Please transcribe the data below in full. Omit any picture you find in it.
** Input data follows **
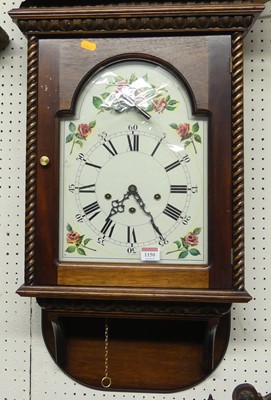 Lot 1150 - A mahogany wall clock, having an arched...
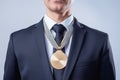 Business man in suit wearing gold medal, successful employee concept, generative AI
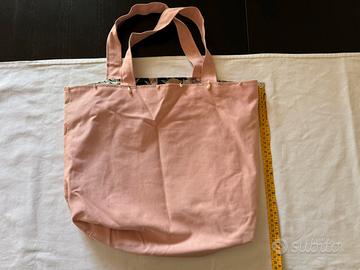 Borsa tote rosa con perline e fodera floreale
** End of Input data **
* [Written solution]:
 Lot 1150 - A mahogany wall clock, having an arched...
 Business man in suit wearing gold medal, successful employee concept, generative AI
 Borsa tote rosa con perline e fodera floreale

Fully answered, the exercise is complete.